# Could a person hide food underground?



## Oldcountryboy (Feb 23, 2008)

If this heat wave keeps up, month after month like it has already. We're going to be having food shortages everywhere. The whole state of Oklahoma is now in a dry drought. Towns are running out of water and telling people to quit watering their lawns and gardens, take showers only on certain days, and some just don't have any water period. As of right now, unless we get lots of rainny days, there will be no second cutting of hay. Which means, ranchers are going to have to start selling their livestock or have expensive hay shipped in from other states. No wheat, no beef, no back yard gardening, etc, etc,. 
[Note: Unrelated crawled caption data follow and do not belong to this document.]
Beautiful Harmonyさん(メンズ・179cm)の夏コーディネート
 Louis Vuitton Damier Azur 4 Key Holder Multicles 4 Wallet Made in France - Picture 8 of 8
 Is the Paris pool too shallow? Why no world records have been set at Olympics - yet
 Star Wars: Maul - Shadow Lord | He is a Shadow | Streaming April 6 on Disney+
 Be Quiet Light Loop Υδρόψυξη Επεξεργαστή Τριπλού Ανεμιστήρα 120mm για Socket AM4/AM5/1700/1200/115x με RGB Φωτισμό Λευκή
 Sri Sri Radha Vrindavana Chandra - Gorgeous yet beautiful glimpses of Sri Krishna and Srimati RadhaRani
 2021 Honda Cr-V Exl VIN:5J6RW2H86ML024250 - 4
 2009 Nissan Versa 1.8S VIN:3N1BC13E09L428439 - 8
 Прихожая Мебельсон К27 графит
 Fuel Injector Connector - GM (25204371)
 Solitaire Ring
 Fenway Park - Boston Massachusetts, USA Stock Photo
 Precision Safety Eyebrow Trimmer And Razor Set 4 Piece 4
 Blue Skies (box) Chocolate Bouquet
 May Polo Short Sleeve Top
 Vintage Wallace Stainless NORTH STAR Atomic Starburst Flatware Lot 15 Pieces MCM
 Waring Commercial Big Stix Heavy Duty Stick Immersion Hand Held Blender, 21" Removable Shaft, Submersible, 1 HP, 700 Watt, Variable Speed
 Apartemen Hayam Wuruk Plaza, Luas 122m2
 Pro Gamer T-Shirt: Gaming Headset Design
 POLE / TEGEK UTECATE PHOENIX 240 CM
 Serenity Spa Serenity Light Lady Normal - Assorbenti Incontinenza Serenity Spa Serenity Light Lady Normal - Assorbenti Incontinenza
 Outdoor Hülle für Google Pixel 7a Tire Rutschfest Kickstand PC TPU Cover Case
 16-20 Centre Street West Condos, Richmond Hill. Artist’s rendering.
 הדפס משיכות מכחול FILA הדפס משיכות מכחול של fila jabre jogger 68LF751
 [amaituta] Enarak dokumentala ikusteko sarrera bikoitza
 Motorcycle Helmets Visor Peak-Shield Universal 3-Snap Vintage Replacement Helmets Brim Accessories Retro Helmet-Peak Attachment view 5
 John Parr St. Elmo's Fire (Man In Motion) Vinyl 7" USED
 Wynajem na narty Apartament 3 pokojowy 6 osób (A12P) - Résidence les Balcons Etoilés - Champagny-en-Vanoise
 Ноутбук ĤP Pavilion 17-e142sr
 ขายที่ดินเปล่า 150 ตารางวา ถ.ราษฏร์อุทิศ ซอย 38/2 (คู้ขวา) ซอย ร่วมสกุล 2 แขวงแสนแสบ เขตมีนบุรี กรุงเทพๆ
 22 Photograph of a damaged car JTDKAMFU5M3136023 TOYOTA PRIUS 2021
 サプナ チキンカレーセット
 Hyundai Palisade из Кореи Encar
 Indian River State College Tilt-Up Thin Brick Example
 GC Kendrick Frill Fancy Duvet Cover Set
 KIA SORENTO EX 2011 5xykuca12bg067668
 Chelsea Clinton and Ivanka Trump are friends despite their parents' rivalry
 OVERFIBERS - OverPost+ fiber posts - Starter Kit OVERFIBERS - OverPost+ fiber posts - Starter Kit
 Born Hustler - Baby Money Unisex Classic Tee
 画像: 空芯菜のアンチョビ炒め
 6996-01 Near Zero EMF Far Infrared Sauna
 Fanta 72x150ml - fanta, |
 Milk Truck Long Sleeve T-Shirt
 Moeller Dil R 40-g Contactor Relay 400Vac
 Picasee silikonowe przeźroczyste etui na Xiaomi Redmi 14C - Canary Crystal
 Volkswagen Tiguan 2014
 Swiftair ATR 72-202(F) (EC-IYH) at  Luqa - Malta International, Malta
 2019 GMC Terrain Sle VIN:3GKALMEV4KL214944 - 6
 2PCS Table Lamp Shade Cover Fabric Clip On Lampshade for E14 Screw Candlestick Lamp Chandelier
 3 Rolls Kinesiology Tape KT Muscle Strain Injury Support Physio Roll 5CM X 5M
Looks like it's going to get rougher around here. Burglery is on the rise around here. Don't lay anything down cause it wont be there when you go to pick it back up. Less then a quarter of a mile from my house, a female cuz of mine whom just got a divorce, bought a trailer house and her dad let her have a small peice of land to put it on. Well while she was at work, someone come along and stoled her meter pack off the pole. Cut the underground wires to her trailor and pulled the wires completely out of the ground and took off with them also. This is too close to home! I will have to step up our security and watch who drives by to see if they're scoping my place out. I pity the fool who lets me catch them stealing out of my yard. :flame:

Anywho, I'm thinking if we stay in this drought too long, and jobs are still slow, there maybe a lot of stealing and hunger going on soon. I was wondering if I bought a lot of flour, salt, dry beans, rice, cornmeal, oil, etc, and maybe place them in 2 liter bottles, sealed tightly with epoxy glue, and then buried them, would they stay moist free? Or, what would happen if I hid them up in the attic somewhere?


----------



## Explorer (Dec 2, 2003)

I have stored food in an underground fallout (60's style) for a couple of years and it was fine. Course I do live in an dry climate.


----------



## Cyngbaeld (May 20, 2004)

That is a lot of extra work! Why don't you get some 5 gal buckets or some 55 gal drums and mylar bags?


----------



## springvalley (Jun 23, 2009)

I wouldn`t think underground would be to good for dry gooods, maybe the attic would be better. put in storage totes with news paper crumpled up around them will sure enough keep them dry. > Marc


----------



## megafatcat (Jun 30, 2009)

The Native Americans did it without plastic, they did just fine with Buffalo hide. Look up cache.


----------



## naturelover (Jun 6, 2006)

If the attic gets very hot - above 80 degrees F. - then that will not be a good place to store canned or dry goods foods for long term storage. Dry goods that are exposed to temperatures above 80 degrees are subject to rapid deterioration even when enclosed in a dry, air-tight container. The ideal long term storage temperatures for canned and dry goods is between 50 - 70 degrees Farenheit. If excessive heat (or freezing) in the attic is not a problem then it should be okay.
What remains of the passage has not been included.